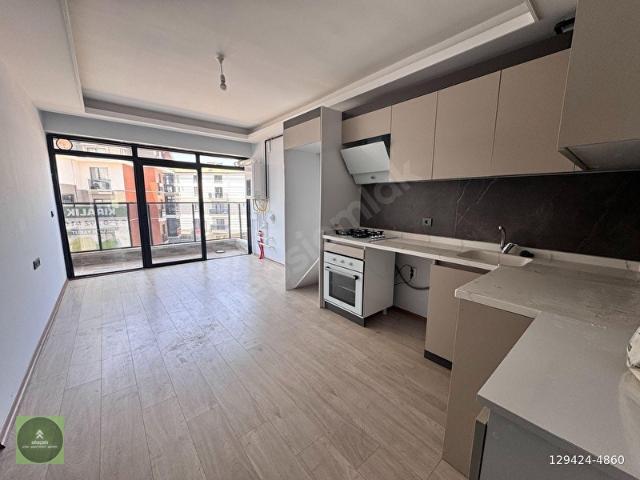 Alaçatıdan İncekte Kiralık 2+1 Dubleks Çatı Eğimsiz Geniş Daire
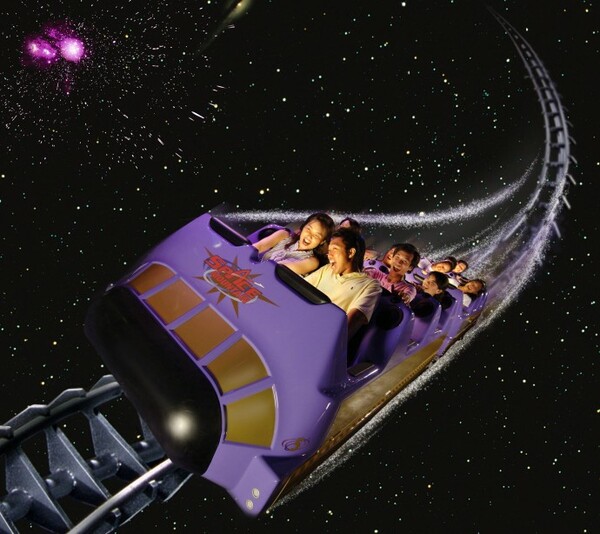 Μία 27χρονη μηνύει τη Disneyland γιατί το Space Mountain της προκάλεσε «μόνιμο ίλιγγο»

* * *

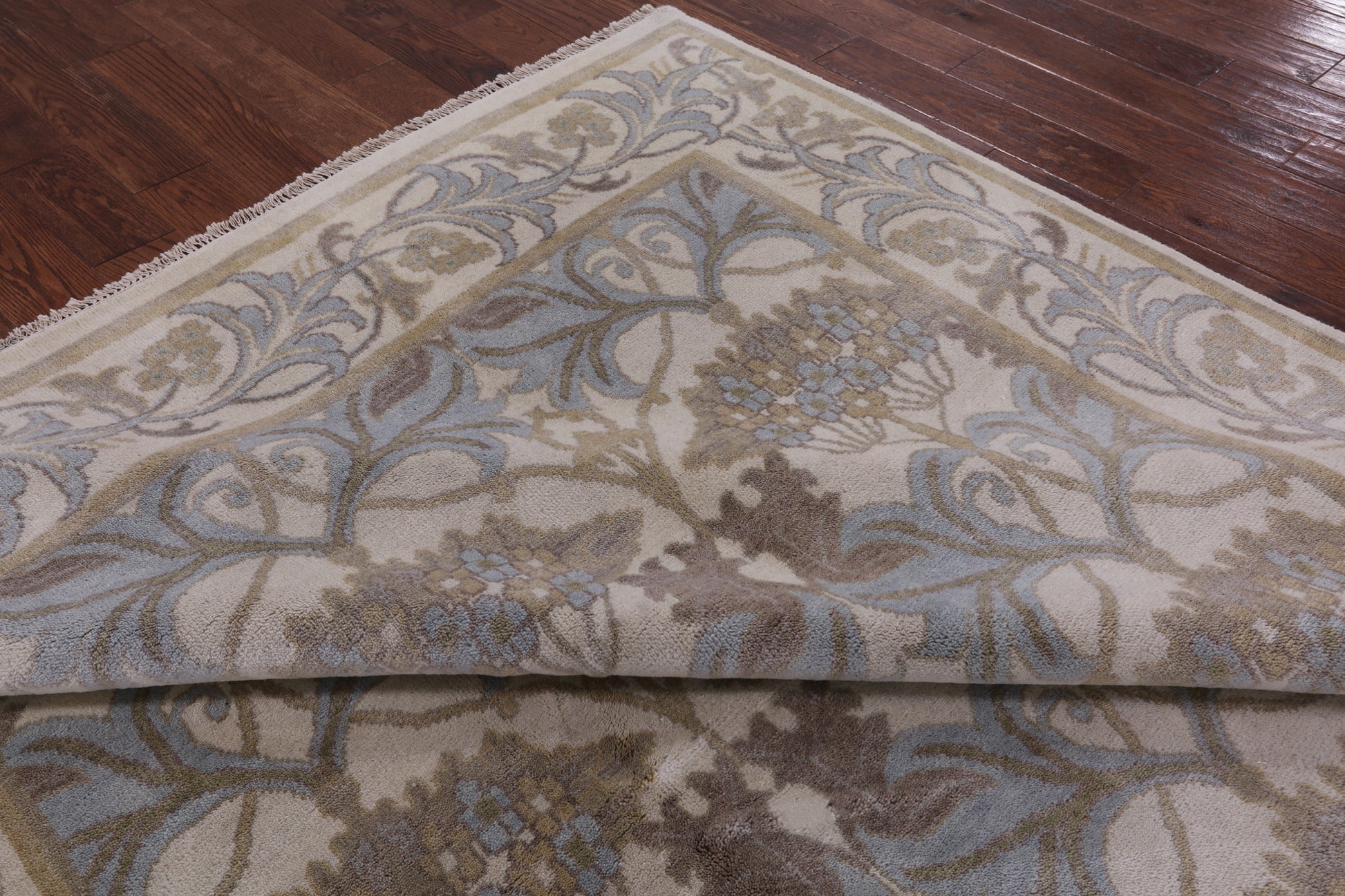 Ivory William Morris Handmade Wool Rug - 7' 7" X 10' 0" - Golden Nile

**Exercise**
With the pictures left out, write out exactly the lines above from the one containing "Alaçatıdan İncekte Kiralık" through the one containing "Μία 27χρονη μηνύει".

**Solution to this problem**
 Alaçatıdan İncekte Kiralık 2+1 Dubleks Çatı Eğimsiz Geniş Daire
 Μία 27χρονη μηνύει τη Disneyland γιατί το Space Mountain της προκάλεσε «μόνιμο ίλιγγο»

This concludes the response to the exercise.